Cai Zhengbo, Li Penghai, Cheng Longlong, Yuan Ding, Li Mingji, Li Hongji
School of Integrated Circuit Science and Engineering, Tianjin University of Technology, Tianjin, 300384 People's Republic of China.
China Electronics Cloud Brain (Tianjin) Technology Co., Ltd., Tianjin, 300392 People's Republic of China.
Biomed Eng Lett. 2024 Nov 8;15(1):217-227. doi: 10.1007/s13534-024-00438-4. eCollection 2025 Jan.
Brain-computer interface (BCI) has been widely used in human-computer interaction. The introduction of artificial intelligence has further improved the performance of BCI system. In recent years, the development of BCI has gradually shifted from personal computers to embedded devices, which boasts lower power consumption and smaller size, but at the cost of limited device resources and computing speed, thus can hardly improve the support of complex algorithms. This paper proposes a heterogeneous BCI architecture based on ARM + FPGA, enabling real-time processing of electroencephalogram (EEG) signals. Adopting data quantization, layer fusion and data augmentation to optimize the compact neural network model EEGNet, and design dedicated hardware engines to accelerate the network. Experimental results show that the system achieves 93.3% classification accuracy for steady-state visual evoked potential signals, with a time delay of 0.2 ms per trail, and a power consumption of approximately (1.91 W). That is 31.5 times faster acceleration is realized at the cost of only 0.7% lower accuracy compared with the conventional processor. The results show that the BCI architecture proposed in this study has strong practicability and high research significance.
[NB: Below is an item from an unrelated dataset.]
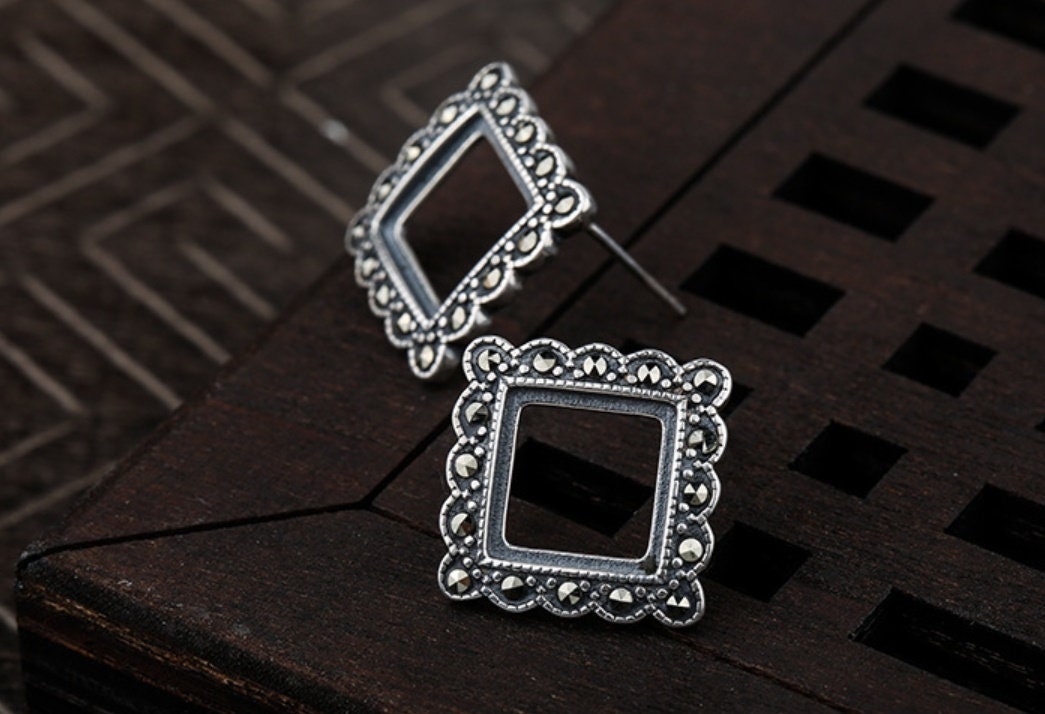 Vintage Square Base Stud Earrings Setting Sterling Silver Fine 925 9x9 mm For One Stone Gemstone No Prongs DIY Jewelry Wholesale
脑机接口(BCI)已在人机交互中得到广泛应用。人工智能的引入进一步提升了BCI系统的性能。近年来,BCI的发展逐渐从个人电脑转向嵌入式设备,嵌入式设备具有功耗更低、尺寸更小的优点,但代价是设备资源和计算速度有限,因此很难提升对复杂算法的支持。本文提出了一种基于ARM+FPGA的异构BCI架构,能够对脑电图(EEG)信号进行实时处理。采用数据量化、层融合和数据增强来优化紧凑型神经网络模型EEGNet,并设计专用硬件引擎来加速网络。实验结果表明,该系统对稳态视觉诱发电位信号的分类准确率达到93.3%,每次试验的时间延迟为0.2毫秒,功耗约为1.91瓦。与传统处理器相比,在精度仅降低0.7%的情况下实现了31.5倍的加速。结果表明,本研究提出的BCI架构具有很强的实用性和很高的研究意义。